In the last few months, I’ve been conducting research on policy recommendations for reshoring at least some of the critical mineral processing industry to the United States and key allies. Minerals are one of the unseen parts of the supply chains that power a lot of the technology that we interact with daily, basically anything with a battery.
With an energy industry increasingly reliant on renewable energy, the policy debate over critical minerals has turned into a central fault line in international relations. Renewable energy generators, such as wind turbines and solar panels. require extensive use of minerals. But, due to the intermitant nature of these energy sources, they require huge battery arrays to store excess energy and to supply energy when little power is being generated.
What used to be the domain of geologists and mining executives is now shaping defense, trade, and modern conflict. Welcome to the battery-fueled era of geopolitics.
At the core of this shift is the explosion in global demand for batteries, especially lithium-ion units, which power everything from smartphones and EVs to massive data centers. In Q4 2024 alone, the U.S. installed nearly 13 GW of utility-scale solar capacity, a 142% surge from the previous quarter, and developers now have over 18.7 GW of battery storage capacity under construction. This isn’t a one-off spike. The U.S. grid of the future will be heavily reliant on scalable storage, and the materials needed to make that happen, such as lithium, cobalt, nickel, graphite, are in limited supply and problematic hands.
According to S&P Global, U.S. lithium-ion battery imports (mostly from China) hit record highs at the end of last year. Meanwhile, China dominates global production of 30 of the 44 U.S.-designated critical minerals, per the U.S. Geological Survey. Domestic production potential exists—but time is short, and the gap is currently being filled by adversaries and unstable suppliers.

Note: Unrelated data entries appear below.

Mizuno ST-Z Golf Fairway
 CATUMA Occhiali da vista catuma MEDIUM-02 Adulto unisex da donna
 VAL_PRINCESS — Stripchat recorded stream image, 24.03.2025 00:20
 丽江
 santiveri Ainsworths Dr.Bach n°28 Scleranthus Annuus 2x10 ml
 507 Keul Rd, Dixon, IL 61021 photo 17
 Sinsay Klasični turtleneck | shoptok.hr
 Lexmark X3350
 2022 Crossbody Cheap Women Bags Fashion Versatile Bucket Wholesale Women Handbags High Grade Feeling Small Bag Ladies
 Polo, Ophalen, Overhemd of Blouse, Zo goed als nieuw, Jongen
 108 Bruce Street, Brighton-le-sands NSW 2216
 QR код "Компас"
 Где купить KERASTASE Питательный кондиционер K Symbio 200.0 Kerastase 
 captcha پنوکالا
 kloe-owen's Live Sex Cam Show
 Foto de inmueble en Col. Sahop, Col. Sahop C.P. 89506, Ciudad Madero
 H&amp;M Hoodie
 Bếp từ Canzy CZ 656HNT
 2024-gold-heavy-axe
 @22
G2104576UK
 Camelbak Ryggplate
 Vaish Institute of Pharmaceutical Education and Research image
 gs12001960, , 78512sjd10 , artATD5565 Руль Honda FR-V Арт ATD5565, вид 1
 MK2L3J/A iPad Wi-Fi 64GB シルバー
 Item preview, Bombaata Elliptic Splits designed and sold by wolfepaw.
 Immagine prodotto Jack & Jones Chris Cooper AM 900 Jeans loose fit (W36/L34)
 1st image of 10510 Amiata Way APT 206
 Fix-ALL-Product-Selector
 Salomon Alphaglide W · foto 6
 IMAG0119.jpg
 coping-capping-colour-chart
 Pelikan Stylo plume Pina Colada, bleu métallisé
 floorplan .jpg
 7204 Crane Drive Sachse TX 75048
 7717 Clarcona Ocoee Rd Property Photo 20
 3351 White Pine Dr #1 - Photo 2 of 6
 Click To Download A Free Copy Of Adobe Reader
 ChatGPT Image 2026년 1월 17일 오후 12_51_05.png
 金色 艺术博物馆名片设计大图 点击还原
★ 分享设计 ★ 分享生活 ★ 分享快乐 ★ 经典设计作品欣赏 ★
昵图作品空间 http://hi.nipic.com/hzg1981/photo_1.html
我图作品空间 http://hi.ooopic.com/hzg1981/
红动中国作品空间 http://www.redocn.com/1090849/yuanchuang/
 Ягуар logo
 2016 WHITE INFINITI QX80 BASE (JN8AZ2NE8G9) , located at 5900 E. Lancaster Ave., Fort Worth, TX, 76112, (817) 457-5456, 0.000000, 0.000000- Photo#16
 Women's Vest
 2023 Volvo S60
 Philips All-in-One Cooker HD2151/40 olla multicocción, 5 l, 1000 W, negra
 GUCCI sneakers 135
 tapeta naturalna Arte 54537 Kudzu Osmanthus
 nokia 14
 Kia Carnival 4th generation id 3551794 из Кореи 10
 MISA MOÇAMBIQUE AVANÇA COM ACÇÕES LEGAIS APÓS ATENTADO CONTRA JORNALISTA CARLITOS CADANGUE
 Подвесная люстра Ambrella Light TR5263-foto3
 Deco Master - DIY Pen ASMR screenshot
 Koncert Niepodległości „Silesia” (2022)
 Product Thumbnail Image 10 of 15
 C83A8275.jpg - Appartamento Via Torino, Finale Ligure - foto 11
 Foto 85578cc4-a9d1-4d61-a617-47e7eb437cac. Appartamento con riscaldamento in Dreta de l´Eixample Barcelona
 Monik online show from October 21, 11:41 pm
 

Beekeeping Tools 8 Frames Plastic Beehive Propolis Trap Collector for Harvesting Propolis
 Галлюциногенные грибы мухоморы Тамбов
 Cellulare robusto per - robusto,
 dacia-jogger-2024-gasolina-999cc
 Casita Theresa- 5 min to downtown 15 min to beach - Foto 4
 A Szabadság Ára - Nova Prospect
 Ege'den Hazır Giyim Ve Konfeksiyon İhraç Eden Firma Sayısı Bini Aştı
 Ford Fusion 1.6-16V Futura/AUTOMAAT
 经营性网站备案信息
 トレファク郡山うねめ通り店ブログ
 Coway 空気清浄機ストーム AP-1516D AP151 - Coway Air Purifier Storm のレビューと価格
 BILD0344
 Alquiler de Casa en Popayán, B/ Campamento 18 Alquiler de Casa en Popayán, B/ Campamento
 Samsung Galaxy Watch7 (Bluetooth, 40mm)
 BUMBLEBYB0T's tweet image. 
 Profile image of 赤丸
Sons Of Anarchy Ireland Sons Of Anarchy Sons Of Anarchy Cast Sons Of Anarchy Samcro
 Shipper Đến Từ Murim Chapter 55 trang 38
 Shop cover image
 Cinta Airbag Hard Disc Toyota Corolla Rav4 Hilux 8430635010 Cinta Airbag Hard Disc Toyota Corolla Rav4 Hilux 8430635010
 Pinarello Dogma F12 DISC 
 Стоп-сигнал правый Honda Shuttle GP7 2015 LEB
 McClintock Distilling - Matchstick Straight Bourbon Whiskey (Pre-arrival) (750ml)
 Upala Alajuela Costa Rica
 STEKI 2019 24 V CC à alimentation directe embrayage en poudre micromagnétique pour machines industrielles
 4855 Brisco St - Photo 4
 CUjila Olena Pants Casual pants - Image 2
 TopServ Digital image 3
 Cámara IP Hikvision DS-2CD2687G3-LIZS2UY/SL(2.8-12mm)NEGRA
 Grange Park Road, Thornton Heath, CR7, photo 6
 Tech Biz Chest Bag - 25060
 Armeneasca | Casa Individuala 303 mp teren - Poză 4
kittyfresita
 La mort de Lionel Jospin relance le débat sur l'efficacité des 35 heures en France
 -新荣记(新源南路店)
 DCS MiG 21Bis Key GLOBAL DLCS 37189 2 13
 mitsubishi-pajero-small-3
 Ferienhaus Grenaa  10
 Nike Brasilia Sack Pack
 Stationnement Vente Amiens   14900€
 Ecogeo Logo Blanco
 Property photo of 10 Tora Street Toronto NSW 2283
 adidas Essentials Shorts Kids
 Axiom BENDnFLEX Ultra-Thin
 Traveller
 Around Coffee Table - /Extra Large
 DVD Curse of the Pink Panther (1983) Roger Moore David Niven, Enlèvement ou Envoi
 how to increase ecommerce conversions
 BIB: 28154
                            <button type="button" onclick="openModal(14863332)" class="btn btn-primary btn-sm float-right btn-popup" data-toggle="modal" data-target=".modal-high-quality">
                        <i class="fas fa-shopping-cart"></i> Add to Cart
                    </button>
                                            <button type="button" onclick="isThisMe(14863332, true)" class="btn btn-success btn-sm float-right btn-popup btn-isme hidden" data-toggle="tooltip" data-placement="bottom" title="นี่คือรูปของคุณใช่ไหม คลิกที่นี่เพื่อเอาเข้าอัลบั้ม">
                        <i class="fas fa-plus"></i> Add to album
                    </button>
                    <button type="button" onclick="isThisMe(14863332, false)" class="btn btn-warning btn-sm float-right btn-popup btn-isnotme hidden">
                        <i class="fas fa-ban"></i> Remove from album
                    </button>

The Return of Resource Wars
This brings us to the darker side of the green transition: the global mineral race is already fueling conflict, corruption, and coercion. Nowhere is this clearer than in the Democratic Republic of the Congo (DRC), where cobalt extraction has long been tied to child labor, environmental devastation, and armed conflict.
At the same time, the war in Ukraine has sharpened awareness of resource-security. Russia’s invasion prompted an urgent reevaluation of supply dependencies, not only for oil and gas but also for metals like lithium, of which Ukraine has four of Europe’s largest deposits. Sanctions and warfare have squeezed availability and forced countries to secure alternative sources, many of which are themselves fragile or geopolitically complex.
These aren’t isolated crises. They’re symptoms of a broader truth: as energy systems evolve, the bottlenecks are no longer in the oil fields of the Persian Gulf but in the mines of Africa, South America, and Southeast Asia. The U.S. and its allies are in a race not just for supply, but for control.
The Trade War We’re Already In
This mineral scramble is bleeding into trade policy. The U.S. and China are no longer in a slow-motion decoupling; they're in a full-scale trade standoff, intensified by the technologies of the energy transition. Chinese firms, backed by aggressive state financing and industrial strategy, dominate refining capacity for nearly every major battery input.
American tariffs on Chinese solar and battery imports, originally introduced under President Trump and expanded by Biden, aim to reverse that trend. But retaliation is growing sharper, more targeted, and more sophisticated. In the current nascent trade war, China has completely cutoff critical mineral supplies to the United States.
As noted by the Council on Foreign Relations, the International Energy Agency’s (IEA) clean energy ambitions are colliding with reality. Energy demand rose by 2.2% last year: up from an 1.8% increase in 2023. The emissions bump was modest at 0.8%, but it underscored a troubling cycle: rising temperatures drive more energy use, which requires more clean energy infrastructure, which in turn demands more mining and refining.
Balancing Interests and Values
So how should the U.S. navigate this thicket of interests? There’s no easy answer. On one hand, reducing dependence on adversaries like China is a strategic imperative. On the other, simply shifting supply chains from Beijing to the DRC without addressing the unstable or exploitative production environment presents a moral hazard.
Policymakers face a triple bind: they must accelerate domestic extraction and refining (a notoriously slow and environmentally fraught process), strengthen alliances with mineral producers (like Australia and Canada), and enforce standards for sourcing in fragile states. Some progress is being made (including initiatives to trace mineral origin and improve labor standards), but enforcement remains thin and market pressure to cut costs often wins out.
The Age of Clean Power Politics
If 20th-century geopolitics was built around oil, the 21st will be shaped by minerals and batteries. This is not just what powers your car, but what also powers the electric grid and emerging technology like artificial intelligence. With U.S. data centers expected to consume nearly 800 TWh of power by 2030, there is a need for energy at larger and larger scales.
America needs to move fast—but not blindly. The goal must be not just “secure supply,” but “just supply.” Industrial policy must align with strategic interests and humanitarian concerns. Targeted trade war tactics like tariffs are sometimes necessary, but they should be paired with investments in allies, regulatory reform, and transparency. The energy transition is not just an engineering challenge, but a global one.